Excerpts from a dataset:

##########

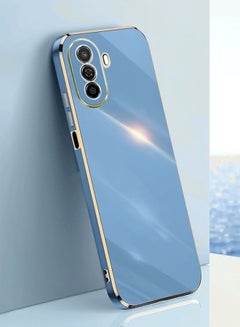 Generic Back Case Cover for HUAWEI Nova Y71 4G Back Cover | Gold Electroplating Chrome | Raised Edges | Super Soft-Touch | Bumper Back Case for HUAWEI Nova Y71  - Image 1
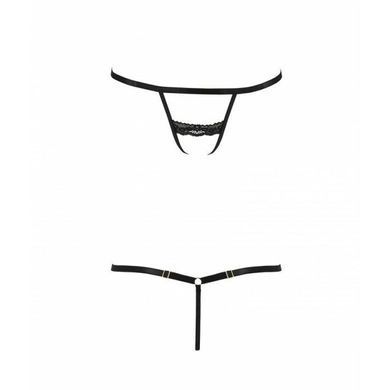 Трусики-стрепы Shelly Thong black XXL/XXXL &mdash; Passion Exclusive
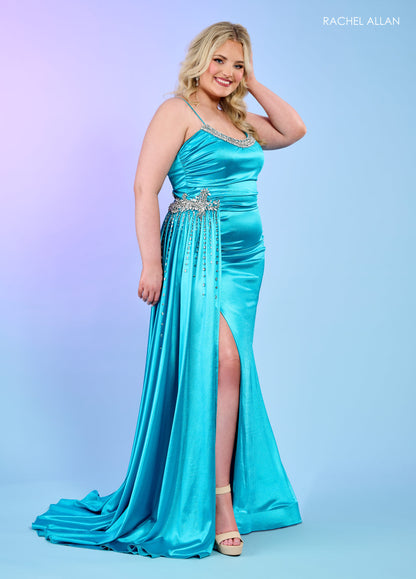 Prom Dresses Long Prom Formal Overskirt Dress Turquoise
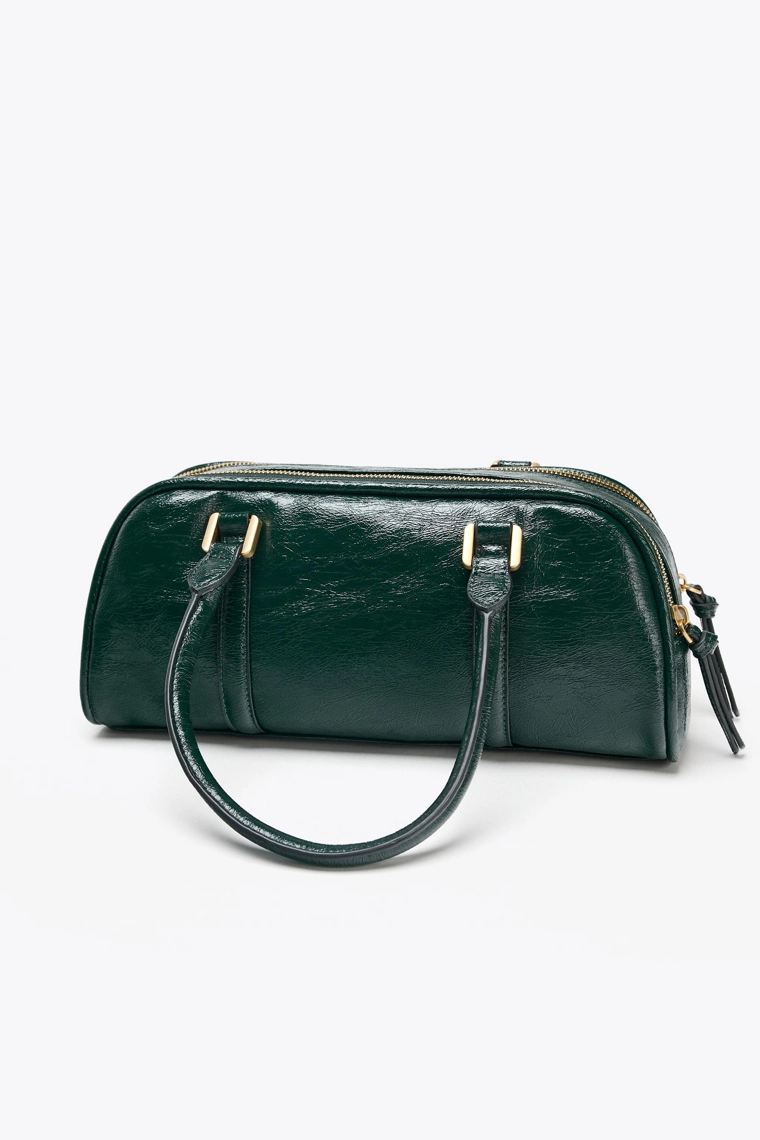 СУМКА-БОУЛИНГ С МОЛНИЯМИ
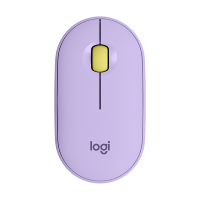 罗技(Logitech) LOGITECH PEBBLE无线鼠标-星暮紫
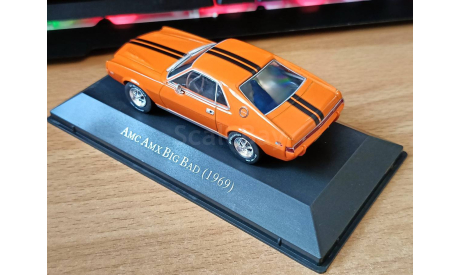 AMC AMX Big Bad (1969), American Cars, 1:43, металл, масштабная модель, Hachette, GMC, scale43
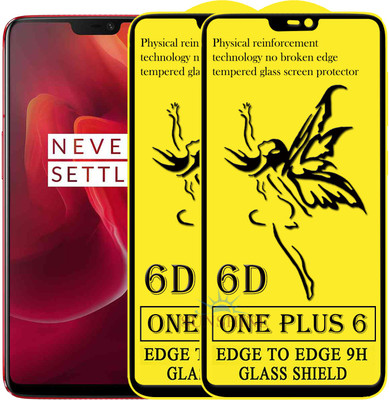 SUNSHINE Edge To Edge Tempered Glass for OnePlus 6(Pack of 2)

##########

### TASK DETAILS
Leave the pictures out and return each entry exactly.

### YOUR SOLUTION
 Generic Back Case Cover for HUAWEI Nova Y71 4G Back Cover | Gold Electroplating Chrome | Raised Edges | Super Soft-Touch | Bumper Back Case for HUAWEI Nova Y71  - Image 1
 Трусики-стрепы Shelly Thong black XXL/XXXL &mdash; Passion Exclusive
 Prom Dresses Long Prom Formal Overskirt Dress Turquoise
 СУМКА-БОУЛИНГ С МОЛНИЯМИ
 罗技(Logitech) LOGITECH PEBBLE无线鼠标-星暮紫
 AMC AMX Big Bad (1969), American Cars, 1:43, металл, масштабная модель, Hachette, GMC, scale43
 SUNSHINE Edge To Edge Tempered Glass for OnePlus 6(Pack of 2)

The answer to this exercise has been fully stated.